The effort to extend civil protection orders to victims of dating violence began in 2008 when then state representative Edna Brown, D-Toledo, introduced a bill. The dating violence portion was stripped out of Brown’s bill.
Sykes, the daughter of two Ohio lawmakers, finished law and graduate school, returned to Akron and volunteered at a community legal services agency where she discovered that Ohio lacked protections for victims of dating violence.
When she joined the Ohio House in 2015, she teamed up with Cincinnati Democrat Christie Kuhns to pick up where Brown left off. They conducted a 50-state survey and developed a spreadsheet” with 48 ways to define dating violence, Sykes said.
The 2015 bill passed the House but died in the Senate.
Then Sykes and state Rep. Nathan Manning, R-North Ridgeville, introduced House Bill 1 on Feb. 1, 2017, passing it 28 days later. The Senate passed it this year.
The only public opposition came from the Ohio Public Defender’s office, which said the definition of dating violence was overly broad and offering protection orders to ex-boyfriends and ex-girlfriends could turn into he said/she said disputes.
“To be perfectly frank, this bill requires judicial officers to sort out the complicated emotional and sexual interactions of two people to determine if those exchanges were romantic or intimate,” said testimony from the public defender’s office.
Types of protection orders in Ohio
Civil protection order: It’s a legal document that restrains one party from contacting another party, such as those involved in domestic disputes.

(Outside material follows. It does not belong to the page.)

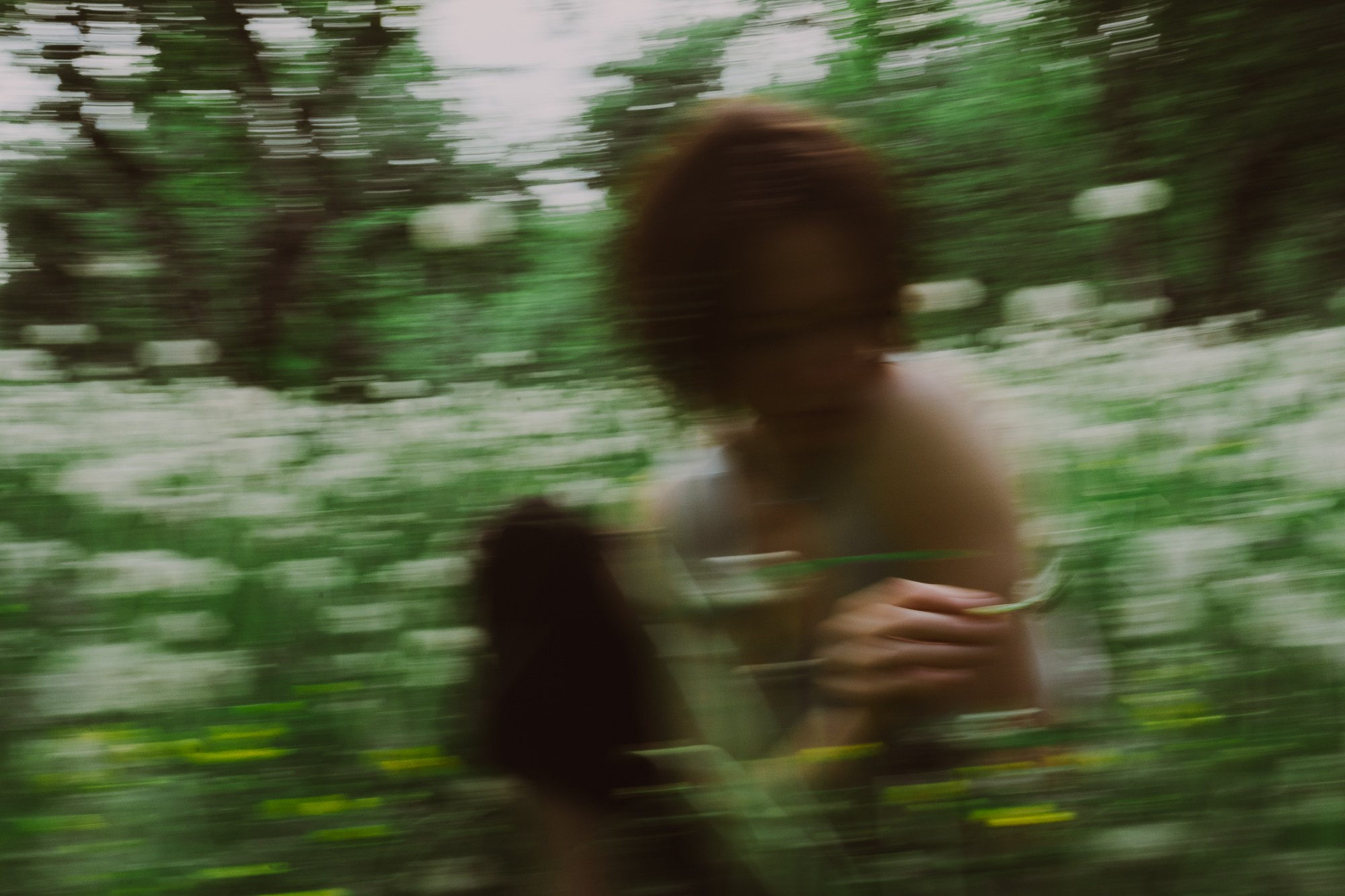 Soft focus portrait photography of a girl surrounded by greenery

Issued by a court after a hearing, it can last up to five years.
Temporary criminal protection order: Issued by a court while a criminal case is in progress. It expires once the case is closed.
Anti-stalking civil protection order: This is an order issued by common pleas or juvenile court against someone convicted of stalking or sexually oriented offenses against an individual. The order can last up to five years.
Juvenile civil protection order: Issued by juvenile court, it is an order that applies only when the parties are minors.
What is dating violence?
Behaviors that include physical, sexual and emotional abuse between individuals in a romantic or intimate relationship. Physical abuse may include hitting, choking, shoving, grabbing, pulling hair. Sexual abuse may include pressuring someone to have sex or forcing them to have unsafe sex, unwanted touching, ignoring pleas to stop sexual advances. Emotional abuses may include being extremely possessive or controlling, stalking or harassing, threatening harm to self or others, using put downs and insults and misusing someone’s social network.